Sebagai sebuah novel yang sarat dengan nilai sosial, novel harimau-harimau karya Moctar Lubis sangat cocok didekati dengan pendekatan sosiologi sastra.
Tuntutan terbesar dalam analisis sosilologi sastra adalah pendekatan terhadap pengarang, namun karena pengarang sudah berada dalam dunia lain saya cukup mendekati novel ini dengan karya sastra itu sendiri dan cerminan masyrakat saja. Hal yang saya lakukan bukanlah hal yang salah karena saya berlandaskan kepada beberapa pendapat para tokoh lainnya termasuk dalam hal ini yaitu Endraswara (2003: 79) dalam bukunya Metodologi Pengajaran Sastra, memberi pengertian bahwa sosiologi sastra adalah penelitian yang terfokus pada masalah manusia karena sastra sering mengungkapkan perjuangan umat manusia dalam menentukan masa depannya, berdasarkan imajinasi, perasaan, dan intuisi. Sementara, Faruk (1994: 1) memberi pngertian bahwa sosiologi sastra sebagai studi ilmiah dan objektf mengenai manusia dalam masyarakat, studi mengenai lembaga dan proses-proses sosilal. Dan juga Ratna, Menurut Ratna (2003: 2) ada sejumlah definisi mengenai sosiologi sastra yang perlu dipertimbangkan dalam rangka menemukan objektivitas hubungan antara karya sastra dengan masyarakat, antara lain.
1. Pemahaman terhadap karya sastra dengan pertimbangn aspek kemasyarakatannya.
2. Pemahaman terhadap totalitas karya yang disertai dengan aspek kemasyarakatan yang terkandung di dalamnya.
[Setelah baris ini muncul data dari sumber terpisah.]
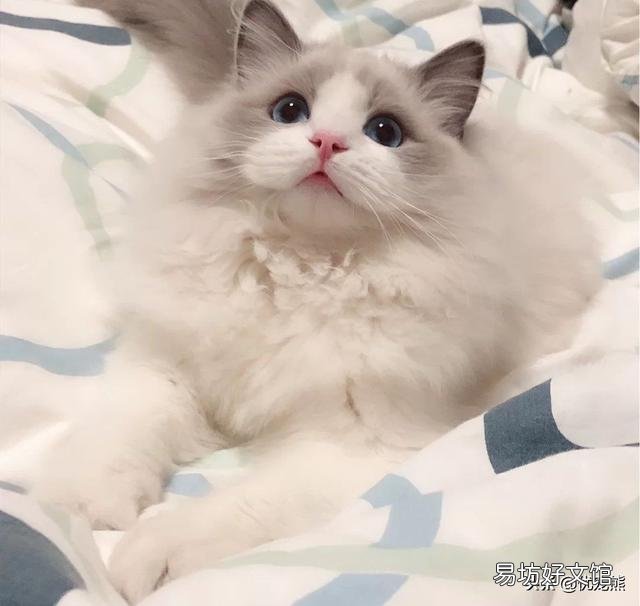 海双布偶猫多少钱一只(海双布偶猫市场价)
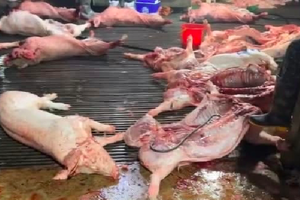 Hàng trăm trường học ở Hà Nội liên quan đến đường dây 300 tấn heo bệnh
Hàng trăm trường học ở Hà Nội liên quan đến đường dây 300 tấn heo bệnh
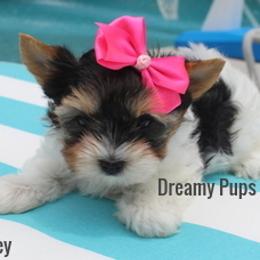 AKC Rosey SOLD - Black tan and white female Biewer Terrier puppy in Kennesaw, Georgia from Dreamy Pups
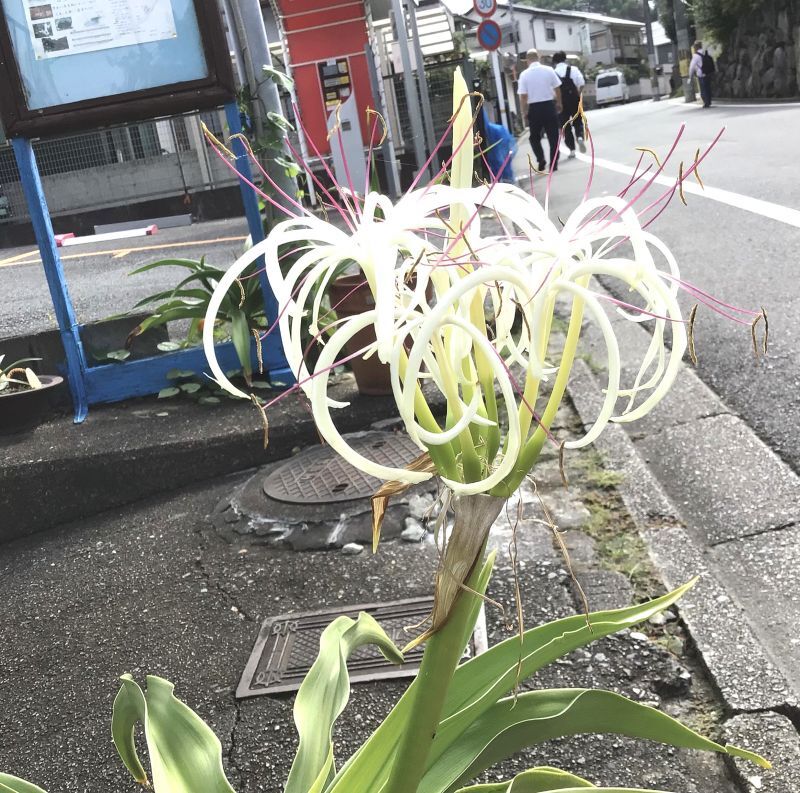 ***今年最後の　浜木綿の花　？！***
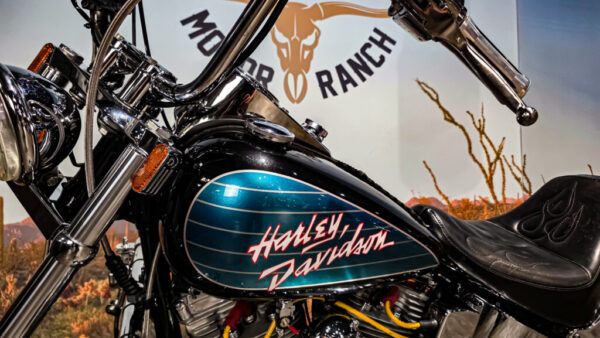 Harley-Davidson FXST Softail standard 1989 (2)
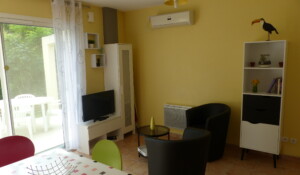 Salon et TV dans le gite Villa Soleil 1 à Meyras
3. Pemahaman terhadap karya sastra sekaligus hubungannya dengan masyarakat yang melatarbelakangi.
4. Sosiologi sastra adalah hubungan dua arah (dialektik) anatara sastra dengan masyarakat, dan
5. Sosiologi sastra berusaha menemukan kualits interdependensi antara sastra dengan masyarakat.
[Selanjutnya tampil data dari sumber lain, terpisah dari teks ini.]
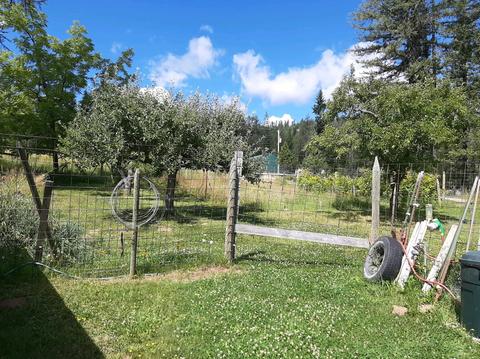 2301 Roop, Cocolalla, ID 83813 photo 15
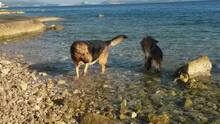 ARKA, Hund, Mischlingshund in Kroatien - Bild 7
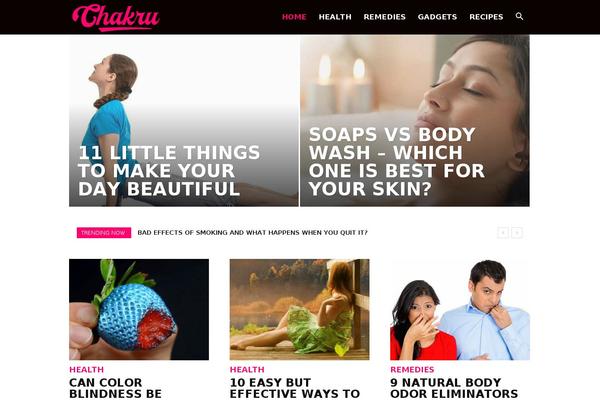 WordPress website example screenshot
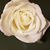 Joy Hickman's profile image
            Meski demikian, tidaklah sepenuhnya saya meninggalkan konsep pendekatan terhadap pengarang, sekali-kali saya akan mencoba menaikkan namanya sebagai hasil penemuan karakter Mochtar Lubis yang dapat saya simpulkan melalui novelnya atau karakter dia yang tercermin dalam novelnya. 
Menurut struktur pembangun karya sastra itu sendiri, saya akan menjelaskan masalah-masalah sosial yang tampak pada novel itu. Dalam novel tersebut tampak jelas permasalahan-permasalahan yang ada dalam kehidupan sosial yaitu masalah kepemimpinan, masalah pernikahan dan masalah agama. tiga masalah ini adalah hal pokok dalam kehidupan sosial, berikut penjelasannya.
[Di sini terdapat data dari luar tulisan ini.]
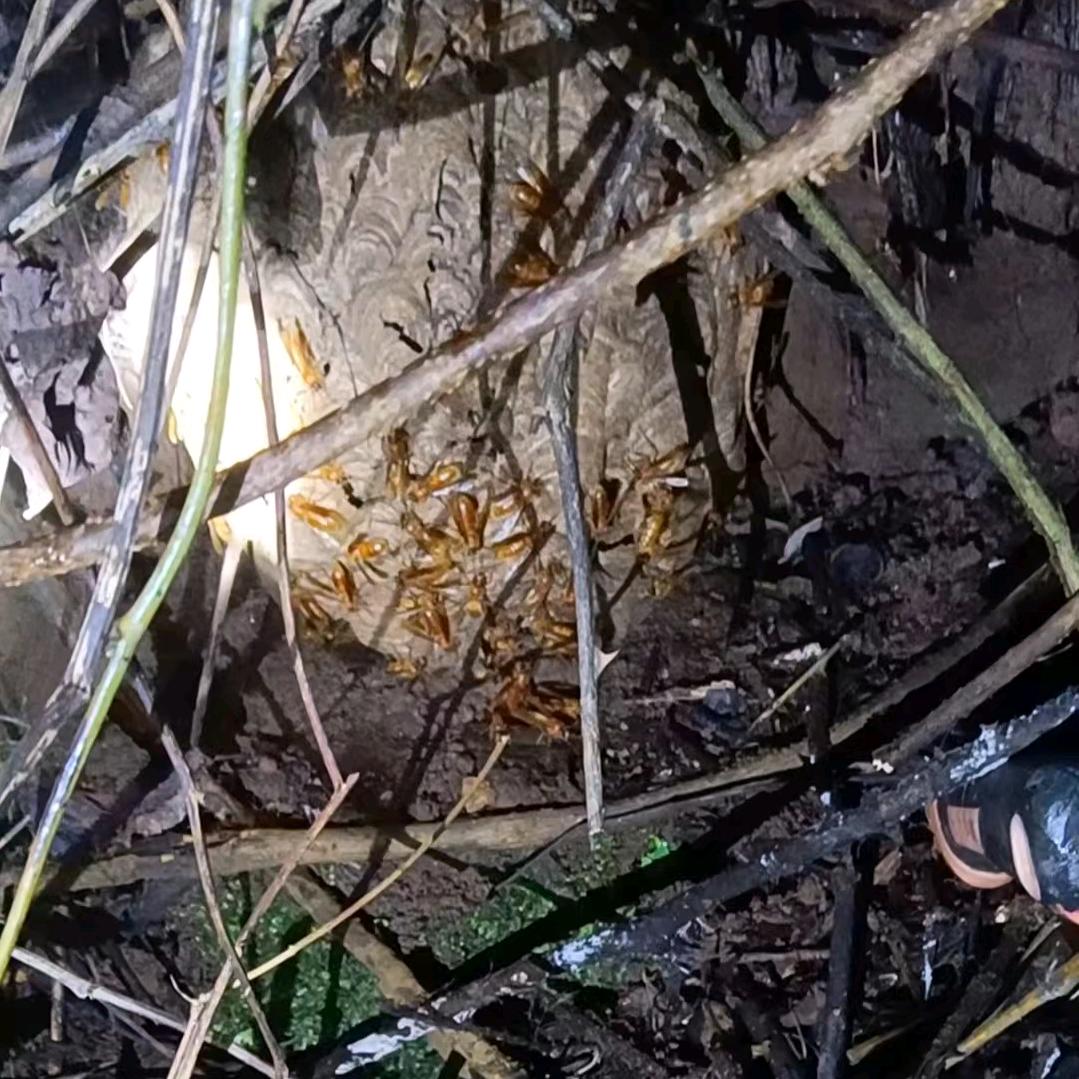 啊  翔  户  外🐝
1. Permasalahan tentang kepemimpinan yang merupakan penggambaran obsesi Mochtar Lubis dalam novel Harimau! Harimau! yang tercermin dalam novelnya yaitu, lemahnya tugas kepemimpinan dalam kelompok. Pemimpin tidak mampu mengatur serta membina hubungan yang lebih baik dengan para anggota atau bawahannya. Begitu pula, dia tidak mampu melindungi anggota kelompoknya dari serangan lawan. Dia hanya mementingkan keselamatan dan kepentingan diri sendiri.
Adapun yang menjadi penyebab terjadinya permasalahan demikian yaitu pemimpin bersifat lemah dan pura-pura. Kehebatan pemimpin hanya di mulut saja. Mulanya, memang dia dianggap sebagai pemimpin yang hebat dan berwibawa. Tetapi ketika dia dengan kelompoknya berada dalam suatu bahaya, dia tidak mampu menampakkan semuanya itu, sehingga anggota kelompok tidak hormat dan percaya lagi pada dirinya. Anggota kelompok berbalik menentang pemimpinnya.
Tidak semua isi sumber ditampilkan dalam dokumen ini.